"Ray E. Harrell" wrote:
> 
> It is because I admire Brad that I continue this and he
> may answer what I say but I can speak only from my own
> perceptions in my work and life and the experience of
> those perceptions.    So here goes but I cannot continue
> the discussion beyond this post.
> 
> Ray
> 
> "Brad McCormick, Ed.D." wrote:
> 
> > (snip) If Ray is disturbed by my denigration of
> > unreflected life in all its forms (what I
> > intentionally provocatively call: "ethnic formations"), (snip)
> 
> Actually I am disturbed by what you expressed.
> As the poet Jerome Rothenberg has said on many
> occasions, "there is no culture or people that has
> survived by twiddling their thumbs and speaking
> in half-formed thoughts."  A good case can be made
> for that belief as a left over piece of 19th century
> Utilitarian thought that was used to justify aggression.

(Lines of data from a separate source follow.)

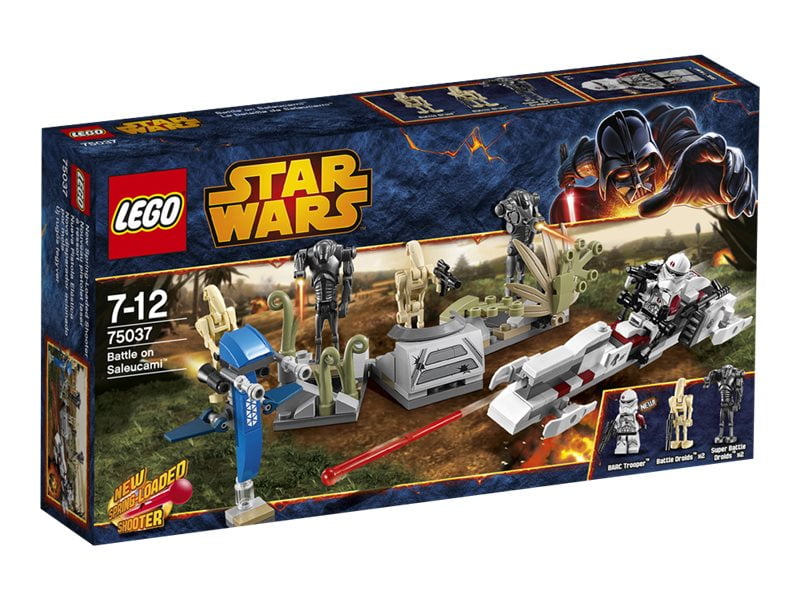 LEGO ® Star Wars Minifigure BARC Trooper sw0524 set 75037 Commander Neyo 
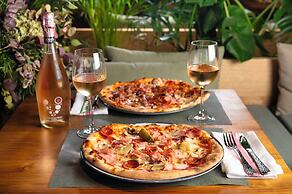 AQUA Hotel Promenade & Spa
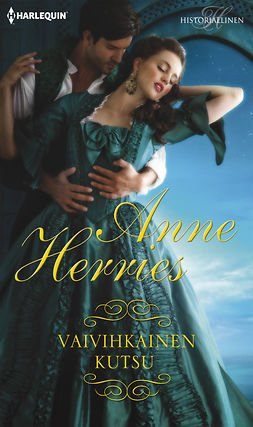 Herres, Anne - Vaivihkainen kutsu, ebook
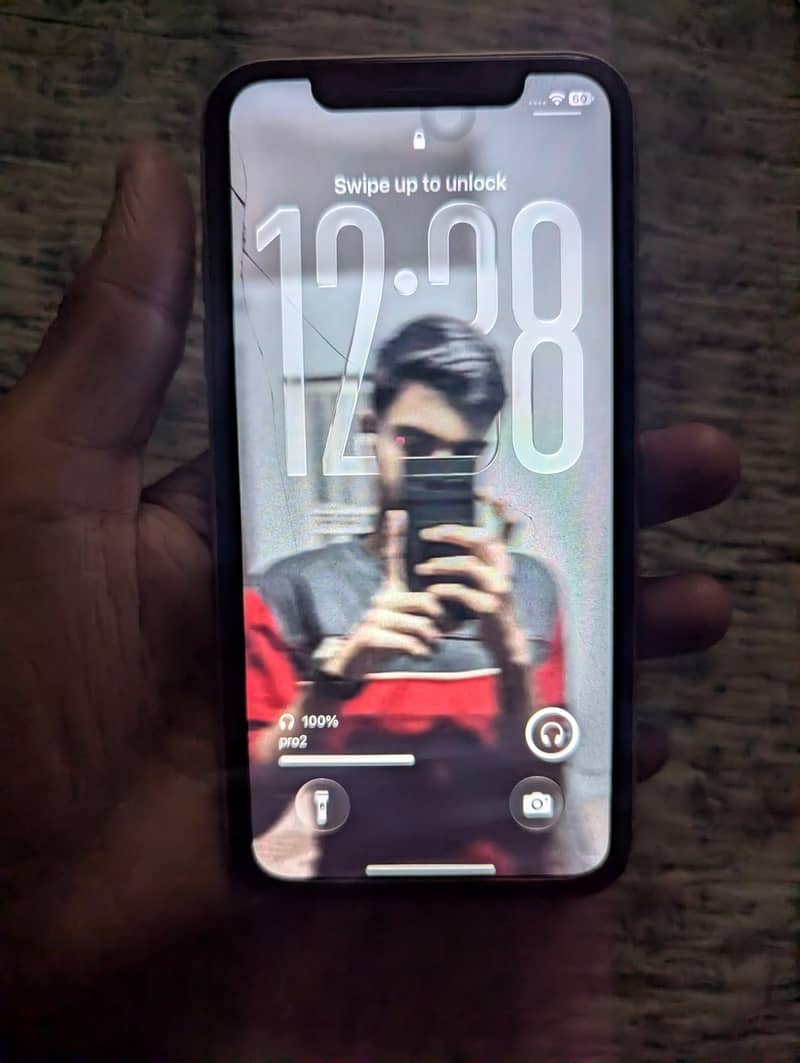 IPhone 11 1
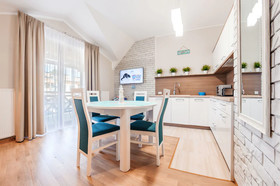 Apartamenty Sun & Snow Rezydencja Park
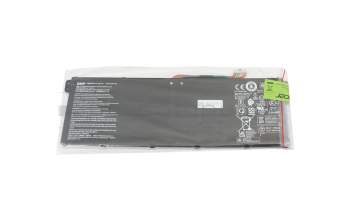 Battery 55,9Wh original 15.4V (AP18C7M) suitable for Acer Spin 3 (SP313-51N)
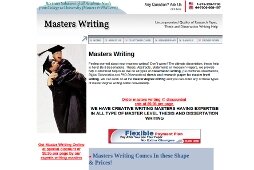 Masterswriting.com review 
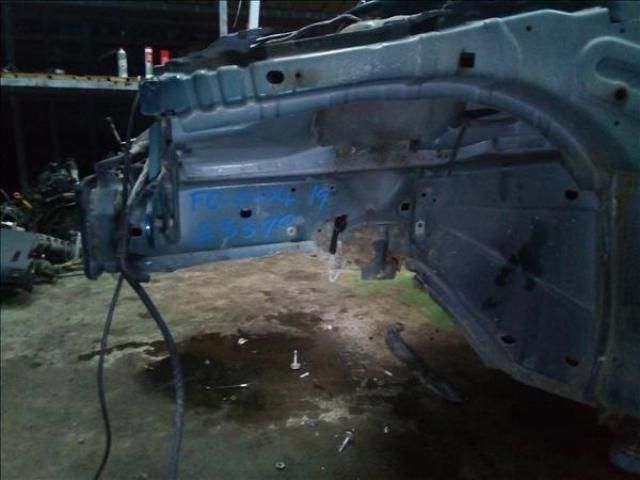 bontott FORD FOCUS II Bal első Ütközéscsillapító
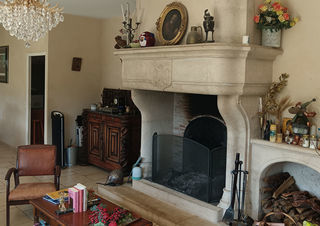  Maison � vendre 12 pi�ces 308 m�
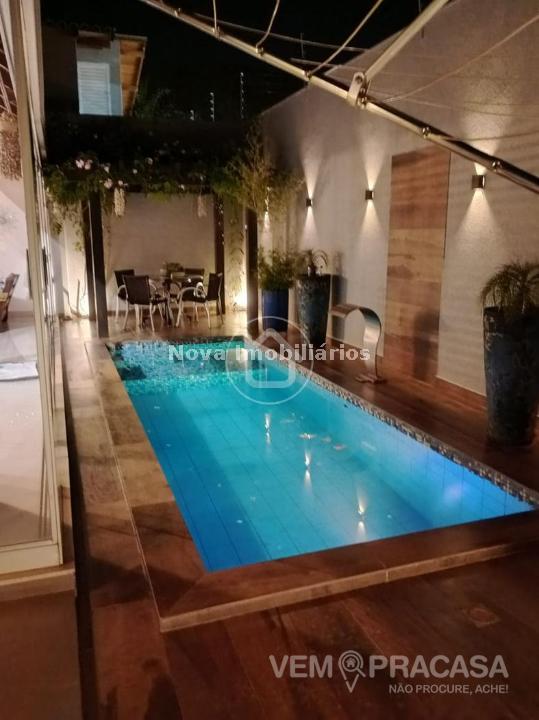 Casa Térrea à venda na Vila Morumbi, Campo Grande – foto 39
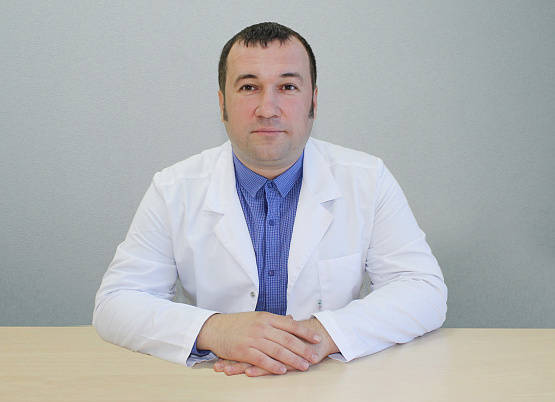 Лудов Сергей Сергеевич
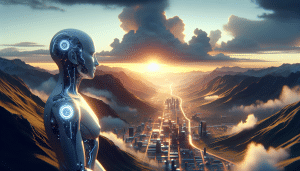 AI powers everyday life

I at first misread you and saw: "Unitarian".  What a
relief to see that is not the word you wrote!

> 
> Edward T. Hall had to train that attitude out of the American
> Diplomats and businessmen because they were in
> danger of failure in both areas.   The multi-linguistic
> future on the internet puts us all in danger if we see
> ourselves "above" ethnicity rather than a part of it.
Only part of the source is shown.